On Thu, 05 Jun 2008 07:10:56 +0000, Tim Roberts wrote:
Thomas Guettler <hv@tbz-pariv.dewrote:
>>
I tried PIL for image batch processing. But somehow I don't like it
- Font-Selection: You need to give the name of the font file. -
Drawing on an image needs a different object that pasting and saving.
- The handbook is from Dec. 2006.
I don't want to dissapoint you but PIL font handling sucks terribly.
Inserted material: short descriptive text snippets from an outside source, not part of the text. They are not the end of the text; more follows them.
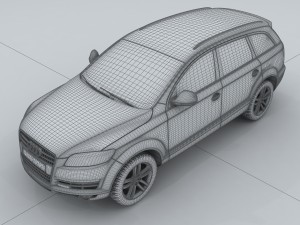 vehicle - audi car q7 3D Model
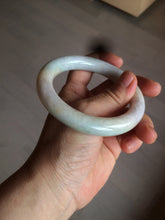 Load image into Gallery viewer, 57.8mm certified 100% natural type A light sunny green/purple/yellow chubby round cut jadeite jade bangle BF36- 9222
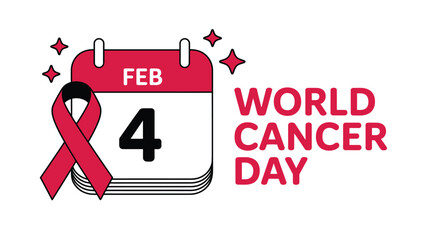 World cancer day on february 4th Vector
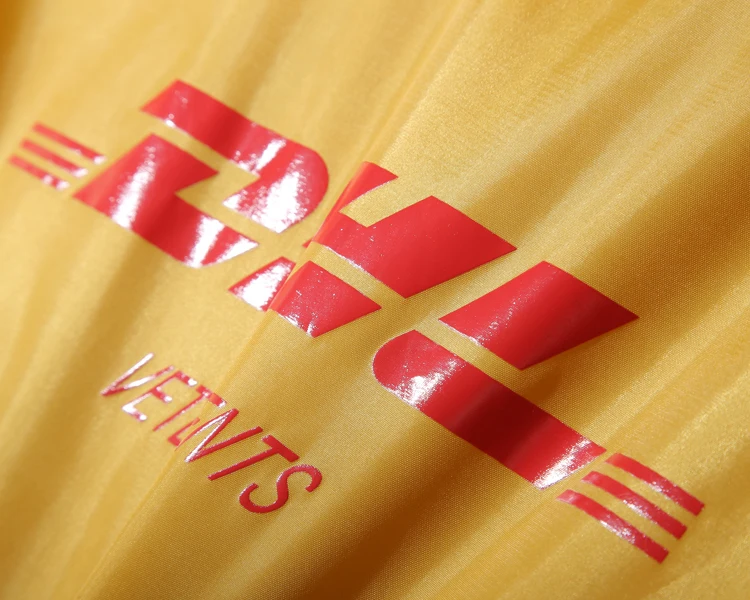 Мужская непромокаемая куртка-бомбер DHL оранжевая ветровка большого размера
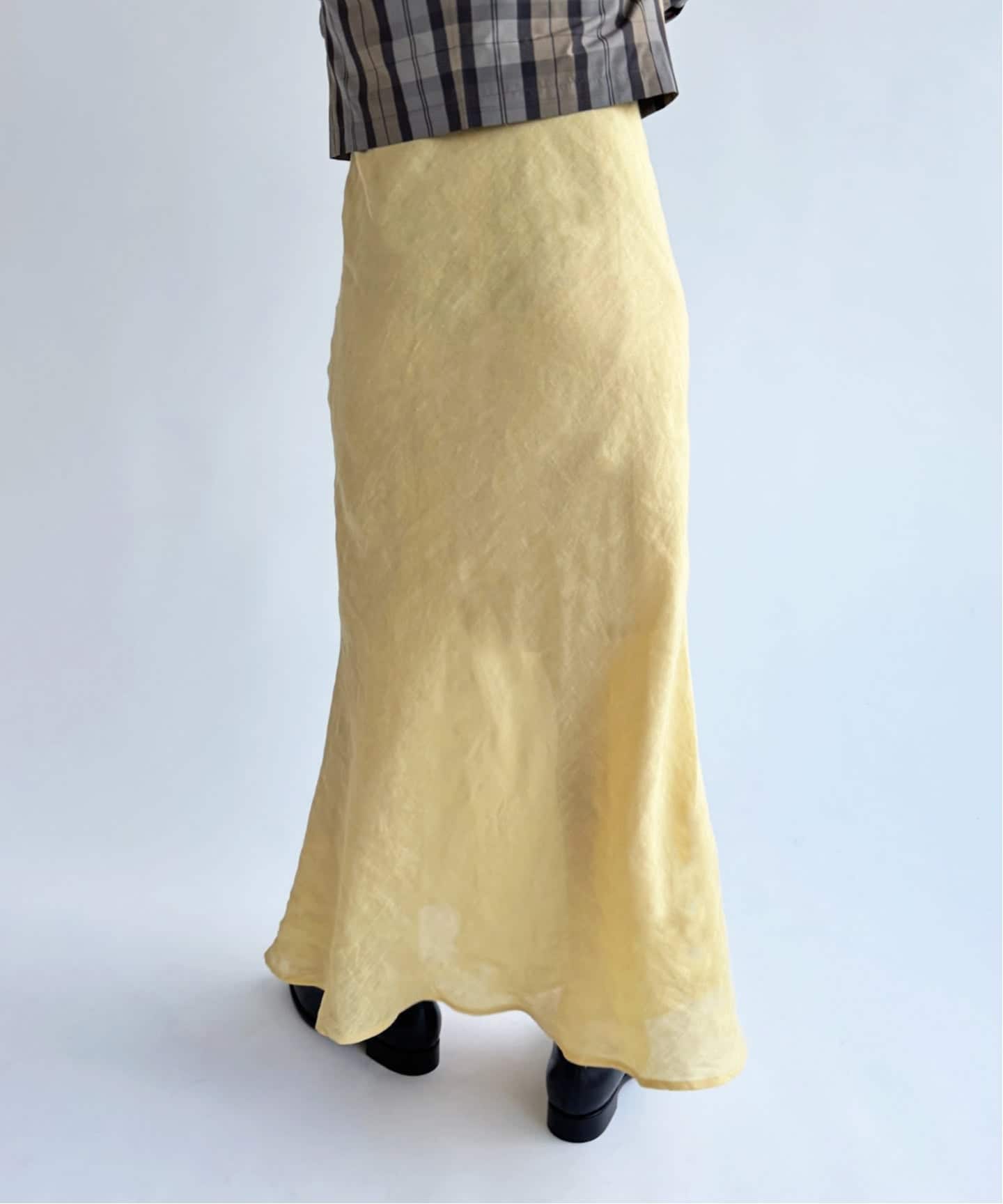 【きぃ】baserange☆ベースレンジ DYDINE SKIRT Dydine スカート in Black | ファインリネン | ja | Baserange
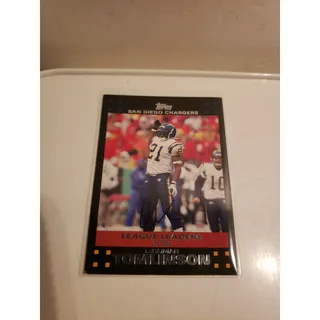 Photo of LaDainian Tomlinson 2007 Topps #404 - League Leaders - San Diego Chargers - NFL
I have repeatedly seen the attitude in your last point, and I simply do
not understand it. What on Earth is wrong with having a product that
actually becomes stable?
We all complain about Microsoft's feature bloat, rolling out unnecessary
new releases of their products year after year with features that no one
really needs. But when an open source product FAILS to produce a new
release every six weeks, we start seeing posts questioning whether the
product is still viable or has become abandonware.
I think if you really TRY to create your own project you'll understand
what's going on here.
From near 10 open source projects that I've started only 1 is living
today.
Once a product does the job it was designed to do, IT'S DONE.
Because there's no such thing as "do the job you where designed to do"
Example: designed for image manipulation. No matter how many features
you've already implemented there's always something more to do.
Personally, I think PIL is a great solution for batch processing, but
the beauty of the open source world is that the ARE alternatives.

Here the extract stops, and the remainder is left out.